まずは街角のひとにKim’s Videoを知っているか? って認知度を聞いたりしてどんなお店だったのか、の簡単な概要を説明してから、閉店した後に店にあったビデオたちがどうなったのか? を追って話は突然イタリアのSalemiに飛ぶ。現地を襲った震災からの復興を目的とした観光資源のひとつとすべくお店のコレクションを町に寄贈したのだ、って。

で、カメラを抱えて現地に飛んでみると、ビデオたちは段ボールに入れられ積まれたまま倉庫で雨ざらしのひどい状態になっていて、その場の誰に聞いても責任者がわからないので、警察とか市長にまで話がとんで、追求があまりにしつこいのでやばい人たちも出てきそうになって、最終的にはビデオたちを救え! って深夜の強盗に近いようなところまで転がっていく。監督本人が楽しそうにナレーションしているので、どこまで本当なのか、仕込みじゃないのか、みたいな気がしてくる。

Kim’sが特徴的にコレクションしていたカルトで変てこな犯罪映画みたいなノリの話が寂れた裏町で – というより陽が降り注ぐ言葉も通じないイタリアの田舎町で起こる - 店の名前は”Kim’s Upland”だし。本当のところは… なんて大多数の人にはどうでもよい話なので、まあどうでもいいか、になっちゃうところも含めてー。

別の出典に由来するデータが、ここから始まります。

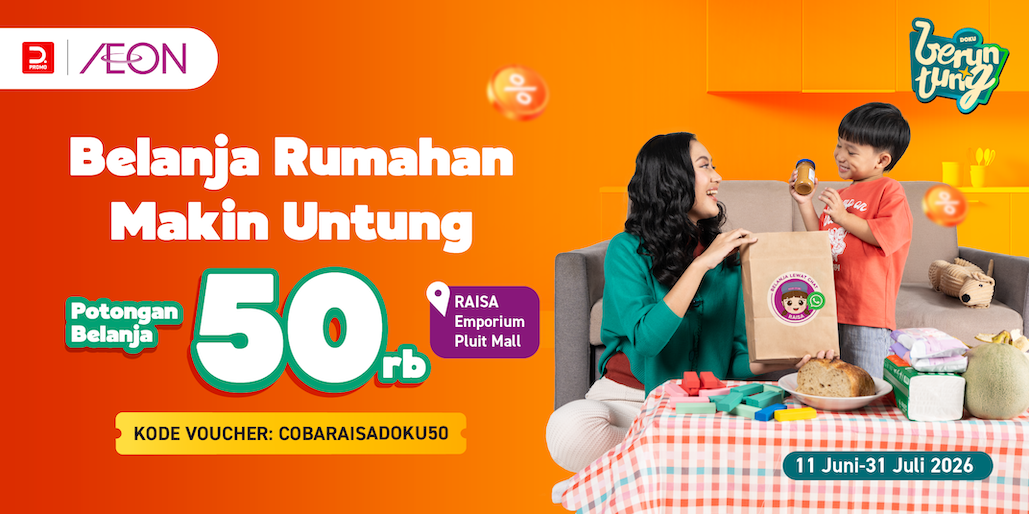 AEON Raisa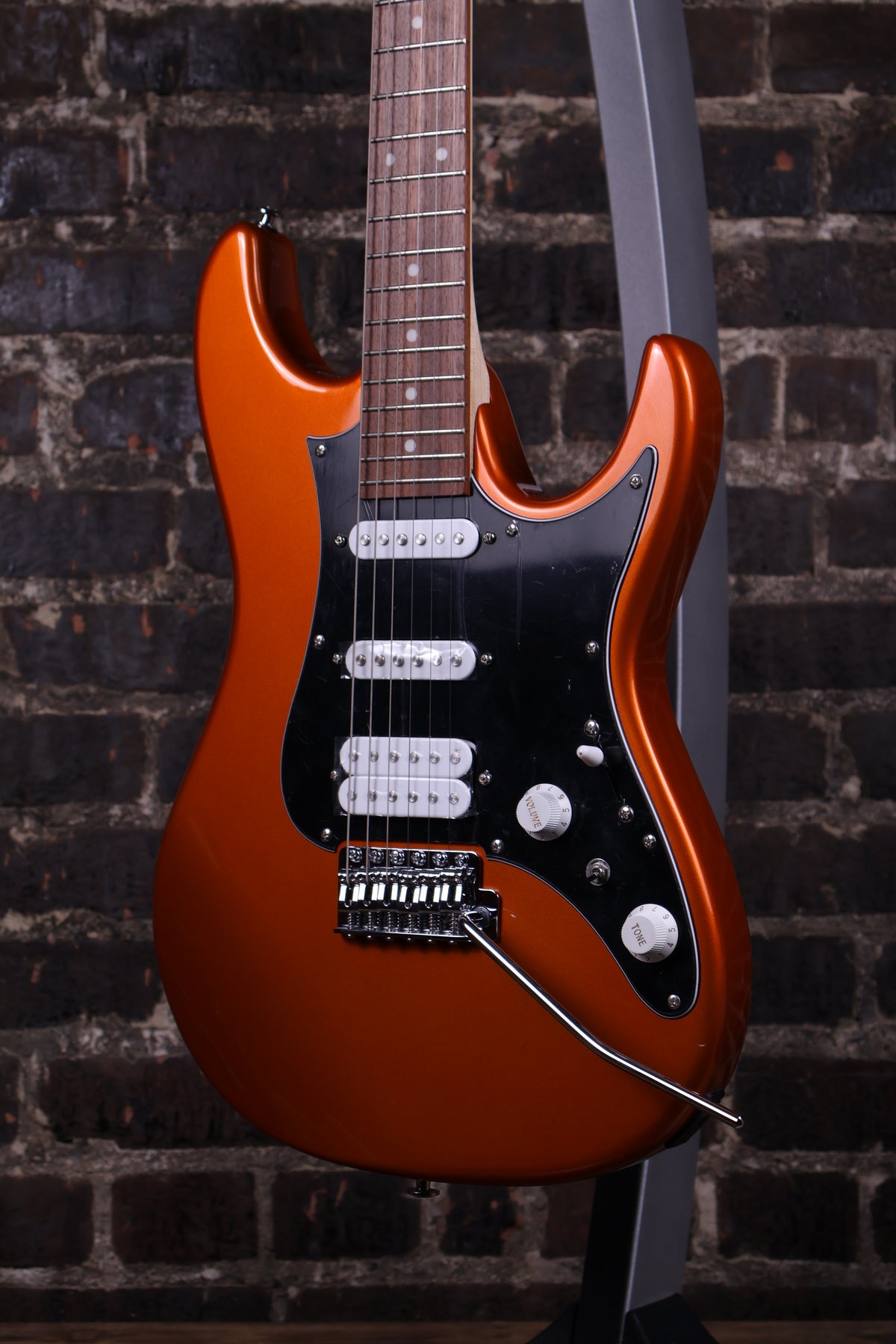 Ibanez AZES40 AZ Essentials Electric Guitar - Roadster Orange Metallic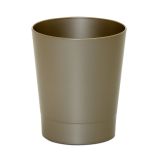 OKRASNI LONEC ZA ORHIDEJE 13 CM METAL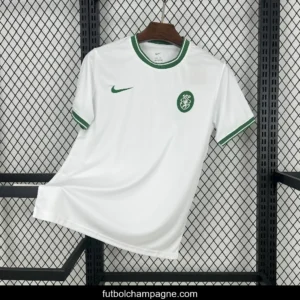 2025_26 Sporting CP Retro Cycling Edition Jersey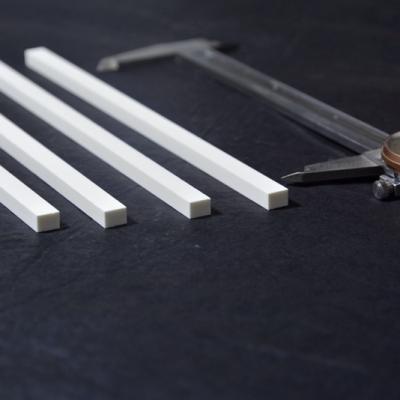 wearable zirconia toughened alumina ceramic bar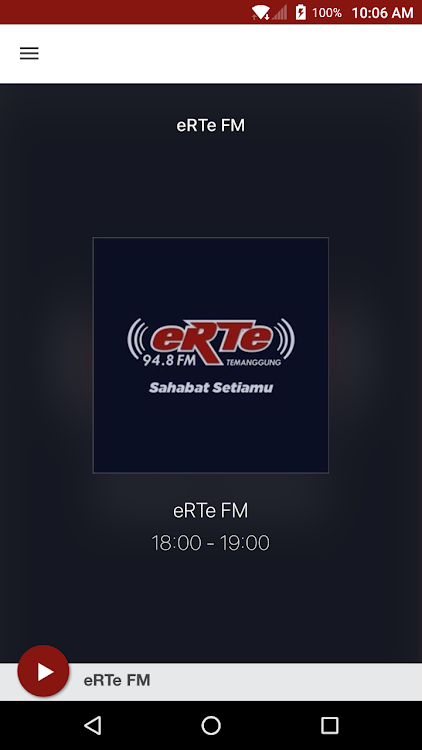 eRTe FM - 5.7.5 - (Android)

途中で今は普通のビジネスマンになっている(たぶん)Kim氏本人も登場するのだが、これだってひょっとしたら… かも知れず、他方でKim’s Videoは通い詰める、というほどではなかったにせよ、間違いなく存在したので、そういう謎と真実の間のどこかに大量のVHS – 必要としている人はそんなにはいない - が積まれていて、発見されるのを待っている、のだろうか…? 相当いろんなものが「プラットフォーム」上にあると思われる今、VHSでしか見れない(ので救われなければならぬ)ものって、どれくらいあるのだろう? フィルムを残そう! はなんとなくわかるのだけど。

最後、米国に戻ってきたコレクションはAlamo Drafthouseにまるごと買い取られた、と。この映画のDistributorがDrafthouseなので更に怪しいかんじがめらめら湧きあがってくるのだが、こういうのは破棄されるよりは残された方がよいに決まっている派、なのでとりあえずはよかった、にしておく。ぜんぶ冗談でしたー、でも怒らない。


映画の後はUnion Squareの辺りを少し歩いた。みんなどこかで配られたチューリップを抱えていて羨ましかった。

NYでの残りのは、このあとだらだら書いていきます。